A job as a BOAC stewardess was perhaps one of the most glamorous British transport jobs to which Sindy would have been able to aspire in 1966, when that Sindy was released. She certainly wasn’t going to be flying the plane, after all. But her smart uniform and bag are as fabulous today as they were then, just with added nostalgia for a lost world in which air travel was the height of sophistication.
Though BOAC was ushering in the jet age which would eventually transform the way the British took their holidays forever, the process was in its infancy. For most British people a holiday on distant sunny shores reached by aircraft was still a dream. Holidays at home were by far more common.
Sindy was no different. She might have had a job at BOAC (one of her many), but she was just as much at home in that classic British holiday location of the 1960s and 70s, a caravan.
My sister had a Sindy caravan too. Released in 1978 and constructed from wood and hardboard, the entire roof of Sindy’s caravan was removable to reveal the interior. Endless drizzle and a soggy field in Wales in which to park the caravan, which might arguably have made Sindy’s caravan a truer reflection of the British holiday experience, were not included.

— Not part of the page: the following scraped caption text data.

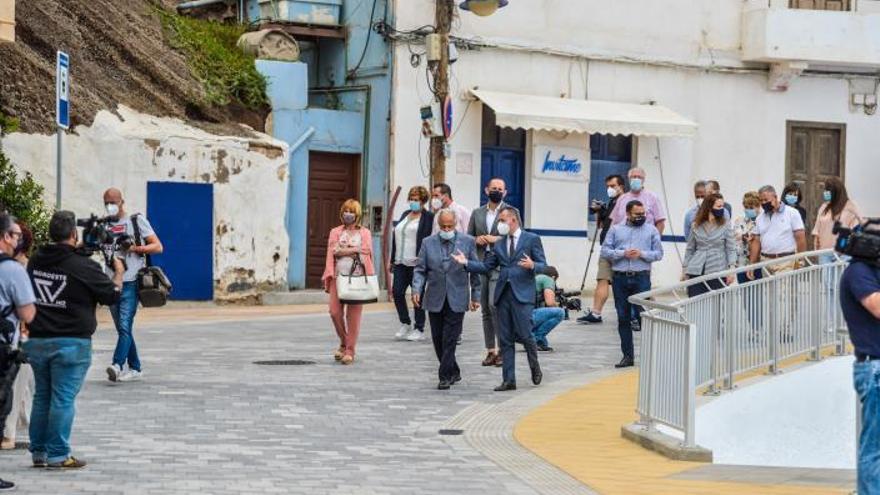 El alcalde Teodoro Sosa conversa con el empresario Félix Santiago, adjudicatario de la obra.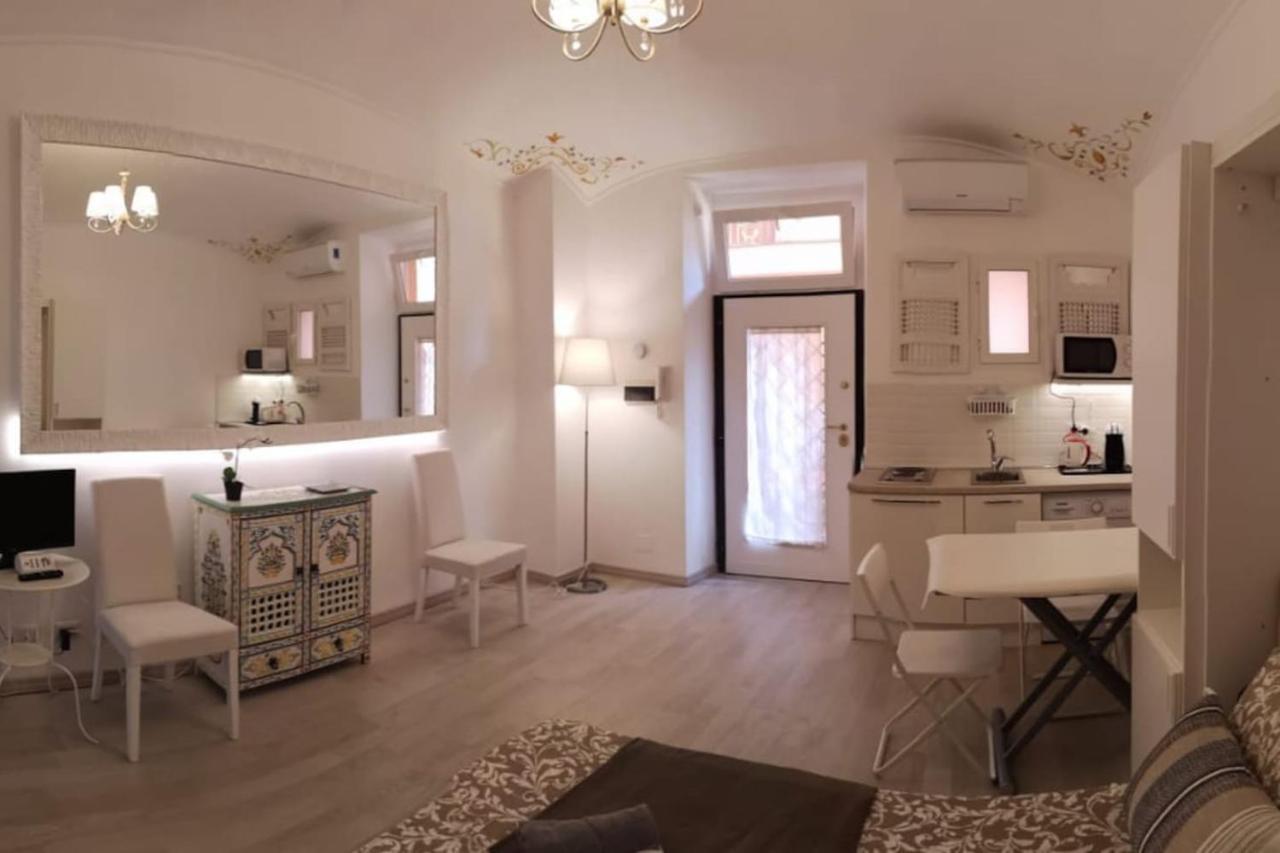 Apartment Domus Porta Pia Luxury Con Jacuzzi *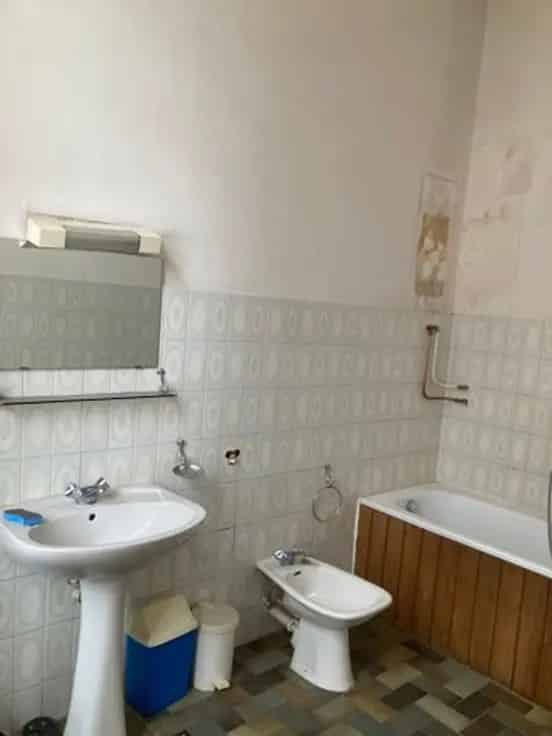 Studio Te Koop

I was never entirely clear how Sindy’s caravan was supposed to be towed. In my house, it was teamed, not entirely practically, with Sindy’s buggy. Released in 1975 (a bit like me), this yellow off-roader seemed unusually American in outlook for Sindy, whose other interests included cooking, cleaning (she had a bewildering array of cleaning appliances), ballet, keeping fit and dressage-type horse riding, to judge by many of her outfits anyway. The buggy surely reflected the increasing popularity of American (and particularly Californian) culture in Britain with imported images of surfing (remember the Old Spice adverts?) and beach buggies.
An earlier 1973 jeep-style car might have also have done the job of towing the caravan but looked unusually utilitarian for Sindy’s normally stylish lifestyle; it had its origins in a military jeep toy designed for a different toy line altogether. Much later, she gained one of those bastions of the British country set: a Range Rover, rather more useful for towing the caravan and her various horse boxes than either the jeep or the buggy.
When not needing to tow trailing vehicles, Sindy maintained her reliable eye for picking the style highlights of British transport.
She owned this quite spectacular red MGB, released in 1965, demonstrating what enviably good taste she had. There are plenty of us around who’d like an MG like that even today, a high point in British sports car manufacturing.
Sindy’s head could be turned by gentle commercial persuasion. She might have had her red MG, but in 1966 Sindy gained her “Miss Cortina” outfit, to tie in with the promotion of the Ford Cortina MkII, with an outfit which matched that of the new Cortina’s advertising literature. She can be seen below, with an example of the advertising poster via this link.
For a while, Sindy had a boyfriend called Paul. He could also be found showing off the best in swinging sixties transport with the fabulous “Paul’s Scooter”, perfect for dashing about town and country (according to the box) and reflecting the ‘Mod’ culture that glamourised such transport.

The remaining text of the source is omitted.